This month's Business Rep rant concerns that sub-species of humans known as
Hollywood Liberals, one of the lowest forms of life that walks the earth.

I've been in this job four years and eight months, and I've observed that
Hollywood Liberals come in all shapes, sizes and genders, but mostly they
occupy the higher echelons of Tinsel Town, sitting behind big, comfortable
desks, barking orders down to the lower orders via telephone, hobnobbing
with their fellow high-rollers at pricey charity affairs, singing "Kumbaya"
in a big circle of execs and politicos, often but not always including the
President or Vice President of the U.S.A. in their midst.

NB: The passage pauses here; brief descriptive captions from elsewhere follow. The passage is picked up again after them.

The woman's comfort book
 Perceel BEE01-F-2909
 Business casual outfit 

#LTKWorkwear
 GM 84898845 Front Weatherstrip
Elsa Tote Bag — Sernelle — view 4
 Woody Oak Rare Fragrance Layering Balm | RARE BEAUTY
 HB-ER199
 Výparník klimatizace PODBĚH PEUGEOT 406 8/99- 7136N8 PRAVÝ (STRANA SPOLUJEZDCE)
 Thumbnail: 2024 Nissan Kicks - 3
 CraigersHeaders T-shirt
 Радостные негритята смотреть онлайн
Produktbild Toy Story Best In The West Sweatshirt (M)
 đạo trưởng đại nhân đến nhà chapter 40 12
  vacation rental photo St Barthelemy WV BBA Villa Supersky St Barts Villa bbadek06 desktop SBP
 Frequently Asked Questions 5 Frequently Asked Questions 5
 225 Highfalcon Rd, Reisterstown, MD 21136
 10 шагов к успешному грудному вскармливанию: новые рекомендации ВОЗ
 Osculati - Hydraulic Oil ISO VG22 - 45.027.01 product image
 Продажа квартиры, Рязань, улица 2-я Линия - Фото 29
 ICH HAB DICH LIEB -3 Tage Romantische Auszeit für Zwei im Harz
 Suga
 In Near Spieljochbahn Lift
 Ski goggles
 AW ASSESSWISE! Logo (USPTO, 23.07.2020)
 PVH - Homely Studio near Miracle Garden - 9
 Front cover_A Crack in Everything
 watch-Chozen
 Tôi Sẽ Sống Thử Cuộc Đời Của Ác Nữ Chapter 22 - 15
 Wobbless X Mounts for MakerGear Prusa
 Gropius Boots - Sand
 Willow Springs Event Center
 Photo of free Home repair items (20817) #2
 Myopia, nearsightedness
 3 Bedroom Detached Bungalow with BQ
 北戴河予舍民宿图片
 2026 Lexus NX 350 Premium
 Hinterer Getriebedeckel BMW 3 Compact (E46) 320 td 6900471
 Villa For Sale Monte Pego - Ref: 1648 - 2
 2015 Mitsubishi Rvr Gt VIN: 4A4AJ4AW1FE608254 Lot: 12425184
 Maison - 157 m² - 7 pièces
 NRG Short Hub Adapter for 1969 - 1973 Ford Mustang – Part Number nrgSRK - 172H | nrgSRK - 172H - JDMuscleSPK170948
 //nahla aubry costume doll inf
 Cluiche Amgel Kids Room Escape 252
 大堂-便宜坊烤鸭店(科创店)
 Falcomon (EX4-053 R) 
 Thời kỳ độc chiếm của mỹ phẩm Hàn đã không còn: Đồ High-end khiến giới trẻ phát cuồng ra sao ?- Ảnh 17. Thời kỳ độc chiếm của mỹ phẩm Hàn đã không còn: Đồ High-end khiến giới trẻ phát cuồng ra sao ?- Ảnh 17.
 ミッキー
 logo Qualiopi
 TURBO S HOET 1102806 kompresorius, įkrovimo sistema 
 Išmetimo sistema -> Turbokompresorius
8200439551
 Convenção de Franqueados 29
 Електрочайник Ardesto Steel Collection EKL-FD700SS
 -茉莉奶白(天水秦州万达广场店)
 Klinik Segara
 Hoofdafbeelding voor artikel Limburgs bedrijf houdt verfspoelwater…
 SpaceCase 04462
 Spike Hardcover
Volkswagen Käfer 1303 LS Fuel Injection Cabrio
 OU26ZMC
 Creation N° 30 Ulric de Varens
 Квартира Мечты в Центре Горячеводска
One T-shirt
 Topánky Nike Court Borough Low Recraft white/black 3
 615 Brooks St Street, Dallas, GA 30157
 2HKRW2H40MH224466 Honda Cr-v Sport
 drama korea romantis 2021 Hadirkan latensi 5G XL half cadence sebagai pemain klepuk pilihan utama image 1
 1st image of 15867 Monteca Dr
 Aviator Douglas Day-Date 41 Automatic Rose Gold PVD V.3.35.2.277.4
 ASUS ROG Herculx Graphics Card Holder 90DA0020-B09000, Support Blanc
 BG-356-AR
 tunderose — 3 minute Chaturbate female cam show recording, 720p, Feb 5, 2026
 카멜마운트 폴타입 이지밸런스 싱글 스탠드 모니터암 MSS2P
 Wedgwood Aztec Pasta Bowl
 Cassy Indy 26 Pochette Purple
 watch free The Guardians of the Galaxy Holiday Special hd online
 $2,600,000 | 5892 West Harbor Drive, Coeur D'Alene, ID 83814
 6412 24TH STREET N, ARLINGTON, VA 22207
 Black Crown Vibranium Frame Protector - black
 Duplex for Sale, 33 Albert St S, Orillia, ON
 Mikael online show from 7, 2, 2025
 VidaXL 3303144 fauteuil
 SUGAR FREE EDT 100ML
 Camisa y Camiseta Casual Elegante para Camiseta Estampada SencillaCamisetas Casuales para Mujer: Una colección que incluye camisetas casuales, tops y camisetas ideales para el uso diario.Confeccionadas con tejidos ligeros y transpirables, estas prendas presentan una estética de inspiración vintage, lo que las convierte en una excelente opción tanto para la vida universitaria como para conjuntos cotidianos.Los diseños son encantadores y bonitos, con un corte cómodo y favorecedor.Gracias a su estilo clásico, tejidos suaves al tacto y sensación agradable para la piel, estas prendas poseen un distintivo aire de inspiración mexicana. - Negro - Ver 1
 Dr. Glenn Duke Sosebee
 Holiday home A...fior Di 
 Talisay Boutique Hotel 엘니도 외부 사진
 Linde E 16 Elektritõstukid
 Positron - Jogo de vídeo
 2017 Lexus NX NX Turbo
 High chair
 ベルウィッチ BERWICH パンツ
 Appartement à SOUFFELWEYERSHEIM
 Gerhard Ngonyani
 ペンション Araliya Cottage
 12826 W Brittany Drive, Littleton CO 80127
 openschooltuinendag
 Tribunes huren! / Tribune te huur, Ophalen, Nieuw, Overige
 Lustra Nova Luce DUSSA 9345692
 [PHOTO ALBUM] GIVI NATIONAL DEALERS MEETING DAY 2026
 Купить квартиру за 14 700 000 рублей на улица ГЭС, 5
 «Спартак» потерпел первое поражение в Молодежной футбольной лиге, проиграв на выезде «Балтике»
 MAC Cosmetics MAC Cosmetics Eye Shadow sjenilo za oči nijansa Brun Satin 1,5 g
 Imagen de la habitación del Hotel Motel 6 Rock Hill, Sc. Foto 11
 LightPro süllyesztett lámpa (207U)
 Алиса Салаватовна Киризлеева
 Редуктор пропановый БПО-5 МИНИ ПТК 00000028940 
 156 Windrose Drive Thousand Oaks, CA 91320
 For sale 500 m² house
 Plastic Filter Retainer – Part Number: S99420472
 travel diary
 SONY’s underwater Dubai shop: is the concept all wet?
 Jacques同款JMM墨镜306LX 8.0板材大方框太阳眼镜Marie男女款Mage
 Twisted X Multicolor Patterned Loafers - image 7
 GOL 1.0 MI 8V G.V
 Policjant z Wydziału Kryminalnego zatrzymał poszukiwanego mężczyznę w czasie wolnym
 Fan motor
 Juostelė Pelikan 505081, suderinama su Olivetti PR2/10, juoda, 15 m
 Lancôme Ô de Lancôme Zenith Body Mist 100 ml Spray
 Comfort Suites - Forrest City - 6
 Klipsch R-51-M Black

A Hollywood Liberal gets dewy-eyed over the plight of the spotted owl and
the sperm whale, he stands in solidarity with the oppressed peoples of
Central America, he thinks what's going on in Bosnia is awful. A Hollywood
Liberal worries about our diminishing ozone and the environment all the
time. A Hollywood Liberal is a rock-ribbed Feminist, capital "F."

And you can count on Hollywood Liberals (the kind I am talking about) to
hammer on labor unions every chance they get. And to protest that they
really like and support labor when called on it, except ... but ... well,
they're involved in a business, you know ...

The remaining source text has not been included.